You may set ground rules for your child when he or she goes away to school in Georgia, but even the most well-intentioned college-age young adults are prone to making errors in judgment. If your child is a recipient of federal financial aid, though, a conviction for a drug offense could have far-reaching implications.
Per Federal Student Aid, an office of the U.S. Department of Education, receiving a drug conviction has the potential to make your college student unable to use financial aid.
Determining continued eligibility
Your son or daughter must complete the Federal Application for Free Student Aid for every year he or she wishes to apply for it. During this time, he or she has to answer questions about whether there were any drug-related convictions received while using financial aid. If so, your child may become ineligible for aid for at least a year and, possibly, indefinitely. Any type of drug offense may make your child ineligible for financial aid, including convictions for drug possession or drug sales, among others.

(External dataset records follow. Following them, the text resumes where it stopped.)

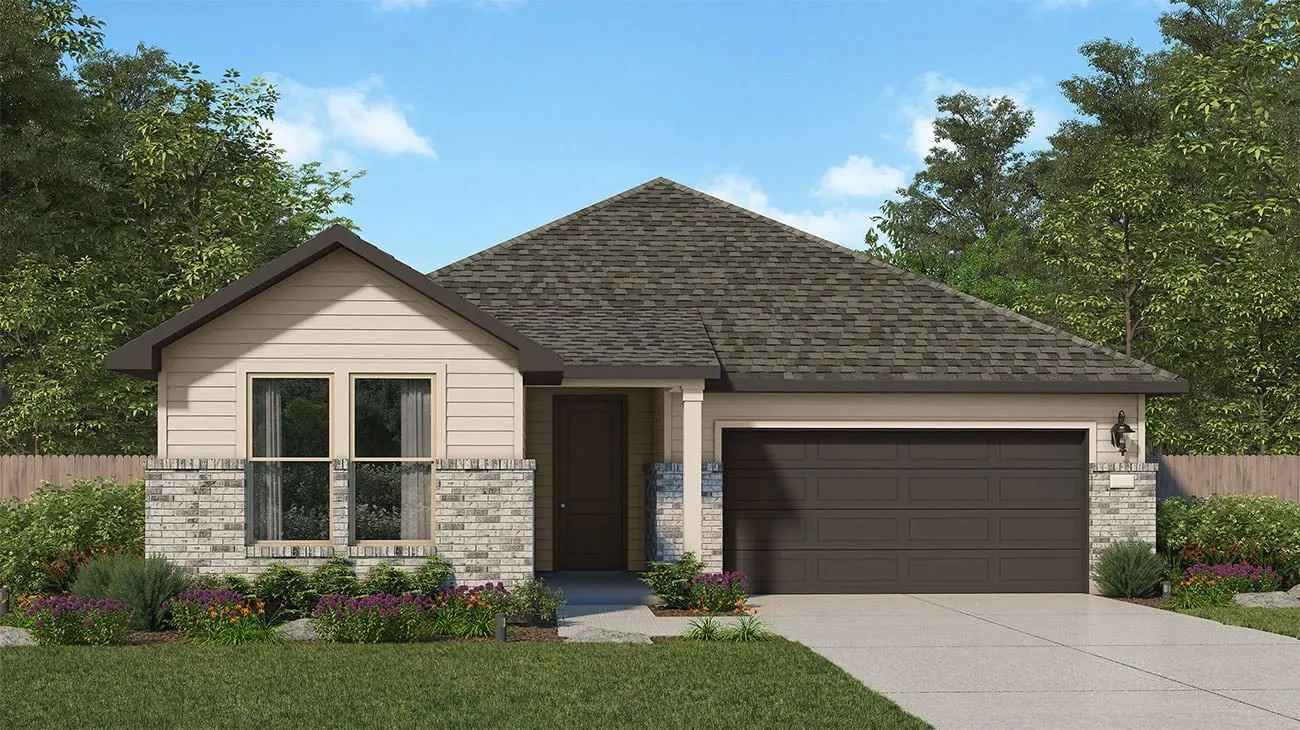 14235 Moonflower Drive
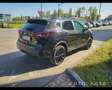 Nissan Qashqai 1.5 dci N-Tec Start 115cv dct Nero - thumbnail 5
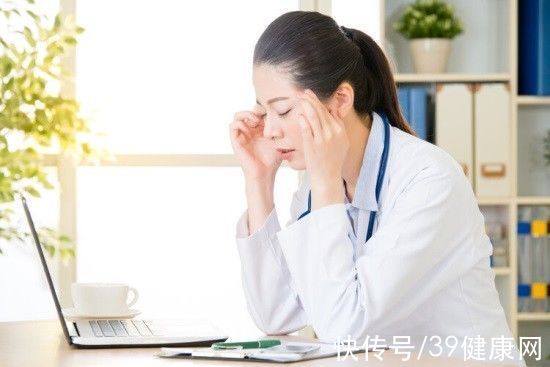 肾阳虚|养肾就是保命!送你5个好用的养肾方,不花一分钱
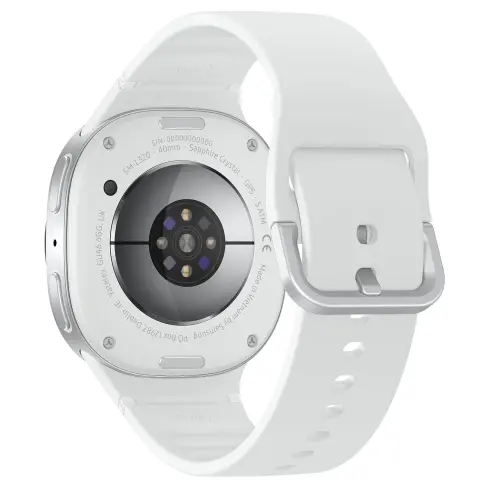 Montre connectée SAMSUNG SM-L320NZSAXEF - 4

Should your college student become ineligible for aid after a drug offense, he or she may be able to get it back early by doing one of two things. If an approved drug rehabilitation provider reports that your child completed a program there or passed two unannounced drug tests, this may pave the way for your son or daughter to regain financial aid eligibility early.
Some educators and elected officials believe that taking away financial aid is an ineffective means of preventing criminal behavior and are working to change these rules. However, they remain in place for the time being.